わかるということ

生き延びるためのラカン (ちくま文庫)

 なかなかわかりづらい本の中に、「わかる」とはどういうことか書いてありました(笑)
 ちなみにここに出てくる「現実界」は直接認識できない世界で、私たちは「象徴界」を通して、「想像界」として認識できる、ということらしいです、おそらくたぶん。。。
 
P62
 ・・・ラカンは人間のこころを作り出しているシステムを三種類に分類したんだね。それが「現実界」「象徴界」「想像界」だ。
 ・・・ここで大事なことは、この三つの「界」には、どっちが深くてどっちが浅い、といった区別がないこと。普通に考えたら「現実界」が一番深層にある、と思われがちだけど、そうじゃないんだ。それは人間の視点から見た場合に、想像界がいちばん表面的に見える、という「見え方」の問題にすぎないんだね。
 ところで、象徴界をたんに「言葉の世界」と言い切れないのは、言葉には「意味」という、想像的なものがいつもまとわりついているからだ。ちょっとわかりにくいかな。「意味」というのは、現象の一番わかりやすい側面のことを指している。あることが「わかる」っていうのは、そのことについてイメージを持つことができるってことだ。つまり、意味はイメージ的な認識だから「想像的」なんだね。

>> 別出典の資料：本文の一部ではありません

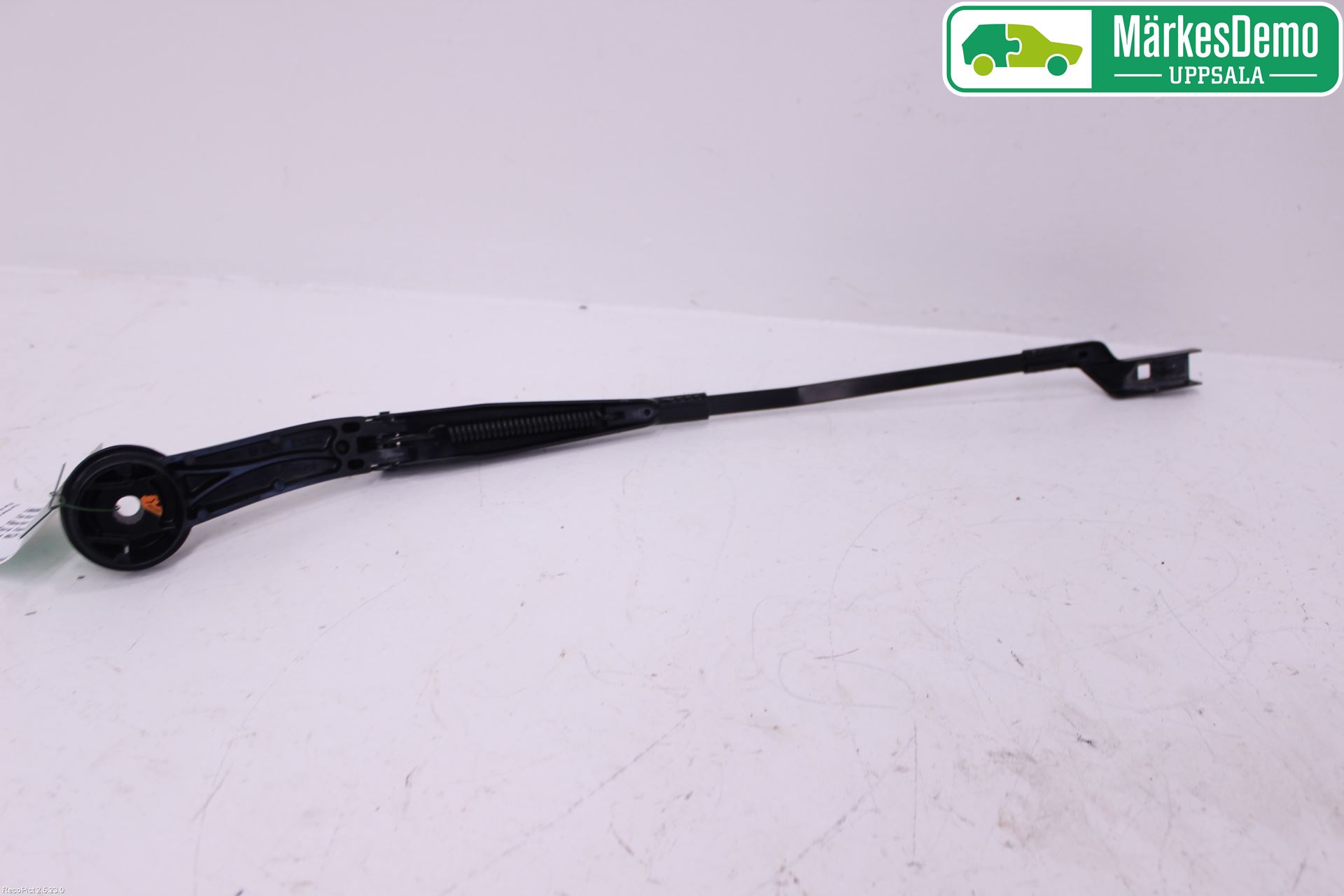 Ford FOCUS 11-14 Viskerarm-Armer Frontrute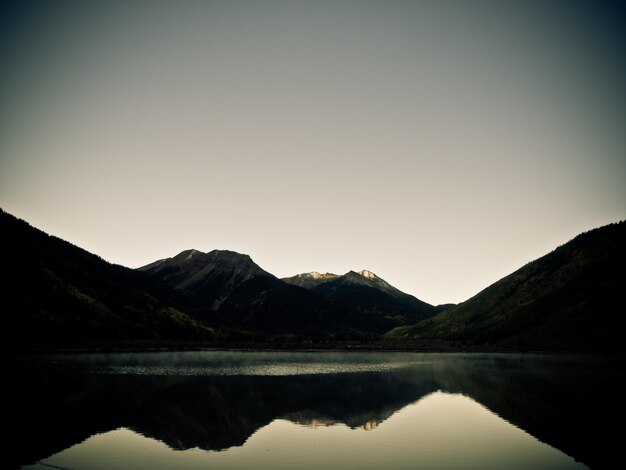 Crystal Lake no outono perto de Ouray, Colorado.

 ところが象徴界というのは、正確には言葉じゃなくてシニフィアンの世界だ。そこには、必ずしも意味が伴うとは限らない。あるのは純粋に構造だけで、だからそこでの出来事も、意味じゃなくて構造にしたがって起こることになる。ここでいう「構造」っていうのは、実は無意識の構造でもあるんだね。そう、前に出てきたラカンの言葉、「無意識は言語として(のように)構造化されている」の「構造」だね。